Ordonnance Du Vendredi 21 Mars 2025 N°Minute : 25/290 N° RG 25/03141 - N° Portalis DBW3-W-B7J-6FOU

Demandeur LE DIRECTEUR DE L’HOPITAL EDOUARD [Localité 12] [Adresse 1] [Localité 4] Non comparant

Défendeur Monsieur [O] [T] CCAS [Adresse 5] [Localité 2] né le 14 Février 2000 Comparant Partie Jointe Monsieur le Procureur de la République près le Tribunal judiciaire de Marseille Non comparant

Tiers Demandeur [X] [D] (Assistante sociale) CH E. [Localité 12] [Adresse 1] [Localité 3] Non comparant Nous, Alexandra YTHIER, Magistrat du siège du Tribunal Judiciaire, assistée de Pauline SAMMARTANO, Greffier ;

Vu la requête de Monsieur LE DIRECTEUR DE L’HOPITAL [9] en date du 14 Mars 2025 reçue au greffe du Magistrat du siège du Tribunal Judiciaire le 14 Mars 2025, tendant à voir examiner la situation de Monsieur [O] [T], dans le cadre du contrôle obligatoire de soins psychiatriques contraints sous le régime de l’hospitalisation complète institué par l’article L 3211-12-1 1°, 2°,3° du Code de la Santé Publique en sa rédaction issue de la loi n° 2011-803 du 05 juillet 2011 modifiée par la Loi n°2013-869 du 27 septembre 2013;

Vu les articles L 3211-12 et L 3211-12-1 et R 3211-30 du Code de la Santé Publique résultant du décret n°2014-897 du 15 août 2014;

Les communications et les avis prévus et imposés par l’article R 3211-11 du Code de la Santé Publique ayant été faites et donnés par le Greffe ;

Vu l’avis écrit de Monsieur le Procureur de la République en date du 20 Mars 2025 tendant au maintien en soins contraints sous le régime de l’hospitalisation complète;

EXPOSÉ DE LA DEMANDE ET DE LA PROCÉDURE :

A l’appel de la cause, les parties n’ont pas sollicité le huis clos ; les débats ont donc été publics ;

Monsieur [O] [T], comparant en personne a été entendu et déclare : Ca fait 5 ans que je suis hospitalisé. Je ne prenais pas mes médicaments, j’avais arrêté de les prendre et je suis parti en couille, ils ont appelé la police, ils sont venus me chercher. Ma mère ne veut plus que je vive chez elle, elle me dit “[Localité 8] toit, barre toi”. La relation ça va mais ce n’est pas trop ça, elle ne veut pas me garder chez elle. Avant je consommais du cannabis, je consommais trop. J’avais fumé quelques joints. Avant j’en fumais 20 par jours voire plus, j’enchaîne, j’enchaîne, j’enchaîne. Mon projet c’est de, j’ai un diplôme de paysagiste. Pour le moment mon genou est bloqué car je me suis blessé au foot, et si je guéris, déjà je vais chercher un appartement et si je guéris, je vais travailler et je prendrai mes soins en même temps. J’arrêterai le cannabis complètement.

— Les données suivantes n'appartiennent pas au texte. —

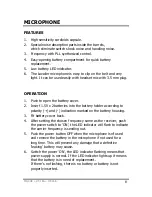 Preview for 8 page of JB Systems MR-SU9 User Manual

Me Julien SUBE, avocat commis d’office en application de l’article L 3211-12-2 alinéa 2 du Code de la Santé Publique , s’en est rapporté à Justice sur la forme ; je n’ai pas d’observations sur la régularité de la procédure ;

Sur le fond, le projet à terme de Monsieur est de trouver un appartement, un boulot. La première chose qu’il m’a dit quand on s’est vu est qu’il veut rester à l’hôpital, il veut se soigner et quand il ira mieux, il remettra sa vie en ordre. Monsieur a besoin du traitement et il a besoin de rester à l’hôpital pour le moment.

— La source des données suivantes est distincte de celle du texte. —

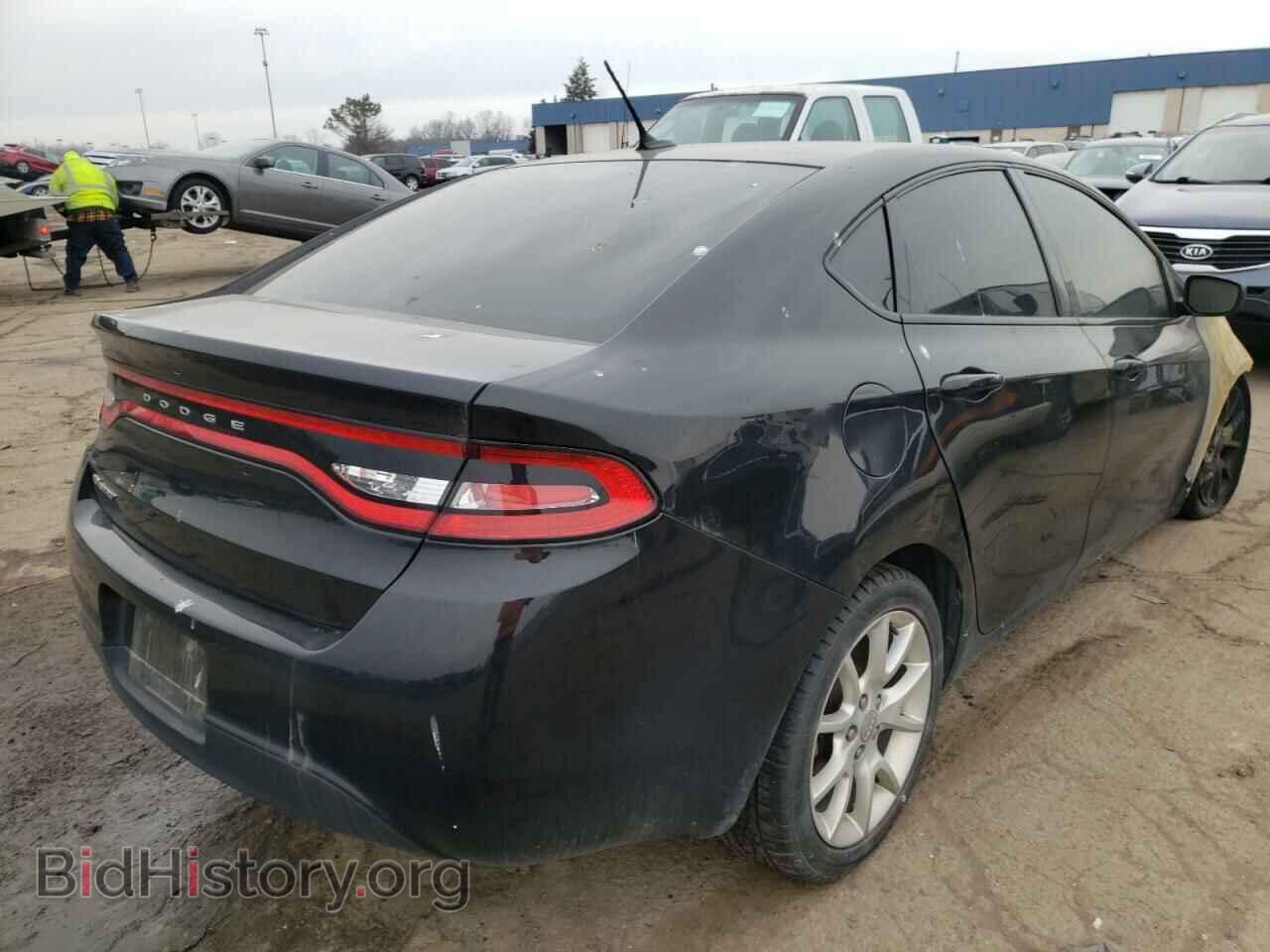 2014 DODGE DART - VIN: 1C3CDFAA8ED677118 - Фото 4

Ayant eu la parole en dernier, la personne hospitalisée déclare : Par contre, les médicaments qu’ils me donnent ils m’empêchent de dormir, je prendre 3 ou 4 heures pour dormir. Avant ils me donnaient des cachets mais là ils ont changé le traitement. Je veux rester pour me soigner, je veux trouver des solutions pour ne pas être deghors, pour prendre mes médicaments tranquilles. Par exemple, je ne vais pas vous mentir, mais on m’a tiré dessus il n’y a pas dessus. Les balles ne sont pas sorties, elles ne voulaient pas sortir. Mais j’ai arrêté tout ça. Je veux un appartement loin de [Localité 11]. Il faut que la drogue s’arrête là. Je viens d’avoir un diplôme, il faut que je travaille. Les stups ça mère à rien du tout.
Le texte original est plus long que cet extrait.